*Your task:* Exactly as written, return every line of the data below apart from the pictures.

*Records for the exercise:*
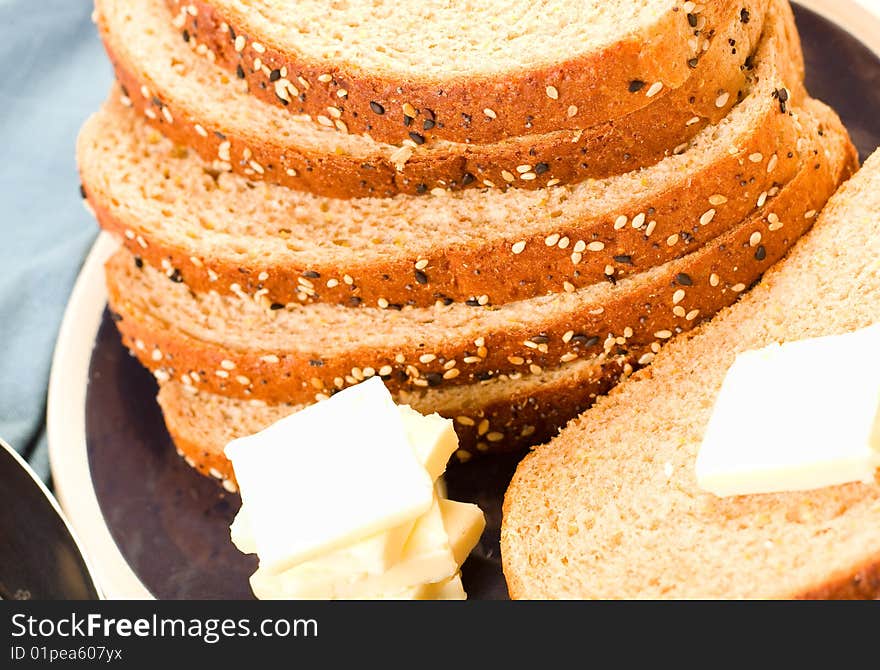 Multi-grain wheat  Bread stacked on blue plate with butter and knife. Multi-grain wheat  Bread stacked on blue plate with butter and knife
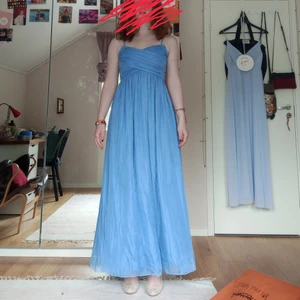 Finklänning ljusblå - Originellt från H&M, men köpt från Röda Korset för 100 kr. Klänningen är endast testad, aldrig använd, och i perfekt skick vad jag kan se. Jag använde den aldrig då den är för kort för mig, jag (inkl klackarna) är 180 cm lång och klänningen hänger ca 15-20 cm över marken. Färgen och överdelen av klänningen syns lite tydligare på sista bilden. Eftersom klänningen ser bra ut och jag aldrig använt den säljer jag den för 90 kr. 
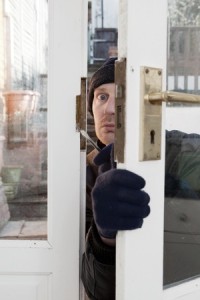 Breaking and entering home or house, Burglar with screwdriver force open door. Thief attempting to breach security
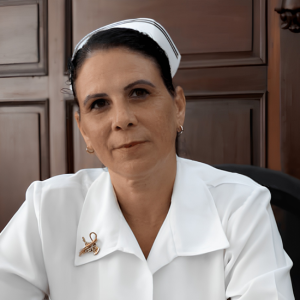 Retrato Maylin. Enfermera con uniforme blanco y cofia en un entorno interior.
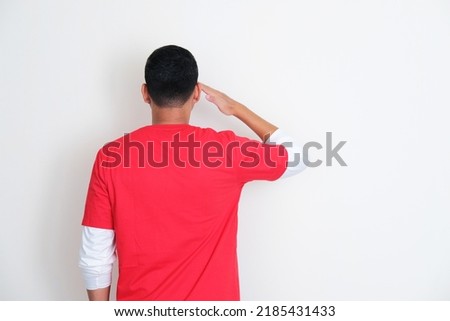 Back view on Indonesian man give salute during independence day celebration Royalty-Free Stock Photo #2185431433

*Exercise response:*
 Multi-grain wheat  Bread stacked on blue plate with butter and knife. Multi-grain wheat  Bread stacked on blue plate with butter and knife
 Finklänning ljusblå - Originellt från H&M, men köpt från Röda Korset för 100 kr. Klänningen är endast testad, aldrig använd, och i perfekt skick vad jag kan se. Jag använde den aldrig då den är för kort för mig, jag (inkl klackarna) är 180 cm lång och klänningen hänger ca 15-20 cm över marken. Färgen och överdelen av klänningen syns lite tydligare på sista bilden. Eftersom klänningen ser bra ut och jag aldrig använt den säljer jag den för 90 kr. 
 Breaking and entering home or house, Burglar with screwdriver force open door. Thief attempting to breach security
 Retrato Maylin. Enfermera con uniforme blanco y cofia en un entorno interior.
 Back view on Indonesian man give salute during independence day celebration Royalty-Free Stock Photo #2185431433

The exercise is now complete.